Karena keadaan kesehatan kurang baik Ny. Zahara berangkat ke Jakarta, ke anaknya, untuk berobat. Dia tutup usia di RS Cipto Mangunkusumo dan dimakamkan di TMP Kalibata 22 Januari 1978 pukul 14.00. Almarhumah meninggalkan 5 orang anak dan 7 cucu.

Wanita terakhir yang dimakamkan di Kalibata selama ini adalah Nyonya Supiatun. Sebagai sersan veteran dia pernah menerima Bintang gerilya. Selain itu mengenai riwayat hidupnya hanya diketahui tanggal lahirnya: 20 Desember 1920 di Bogor. Dia meninggal 10 Januari 1980 dan keesokan harinya diberangkatkan dari rumahnya di Kompleks BNI 1946 Kebayoran Lama ke TMP Kalibata pukul 14.00.

Tidak banyak wanita yang mendapat kehormatan dimakamkan di TMP Kalibata. Sekarang yang boleh dimakamkan di sana hanya mereka yang memiliki bintang jasa, baik Bintang Mahaputra ataupun bintang gerilya.

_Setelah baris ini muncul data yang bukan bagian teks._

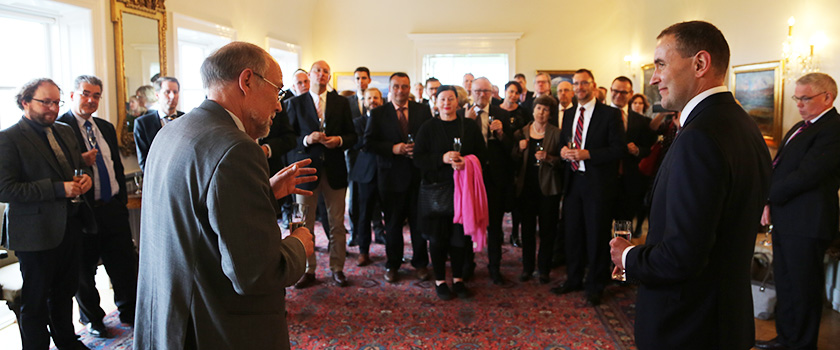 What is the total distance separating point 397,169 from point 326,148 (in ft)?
2.12

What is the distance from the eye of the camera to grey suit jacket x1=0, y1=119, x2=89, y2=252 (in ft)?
9.86

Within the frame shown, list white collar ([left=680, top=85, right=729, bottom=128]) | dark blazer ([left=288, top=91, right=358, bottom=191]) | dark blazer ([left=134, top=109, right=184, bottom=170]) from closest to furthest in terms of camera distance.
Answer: white collar ([left=680, top=85, right=729, bottom=128]) → dark blazer ([left=134, top=109, right=184, bottom=170]) → dark blazer ([left=288, top=91, right=358, bottom=191])

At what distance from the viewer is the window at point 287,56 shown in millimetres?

Pasti lebih banyak wanita maupun pria yang pernah berjuang untuk nusa dan bangsa yang tidak dimakamkan di salah sebuah TMP di manapun juga di Indonesia. Namun penghargaan terhadap mereka mungkin sudah tercermin dalam monumen besar di Plaza TMP Kalibata tempat dimakamkannya seorang pejuang tak dikenal.

Di situ juga terpampang sajak Chairil Anwar yang berbunyi:

Ia tidak dikenal namanya

Namun jasanya berkumandang

Di segenap penjuni tanah Air.

Karena telah memberikan

Jiwanya demi kemerdekaan

Bangsa dan negaranya.

Sampai tanggal 7 Oktober 1980 jumlah pahlawan pria yang dimakamkan di TMP Kalibata berjumlah 2071 orang di samping 10 wanita. Di antara sekian banyak pahlawan Indonesia juga ada tiga pria berkebangsaan Jepang yang tidak diketahui identitasnya sampai mereka dimakamkan di TMP Kalibata.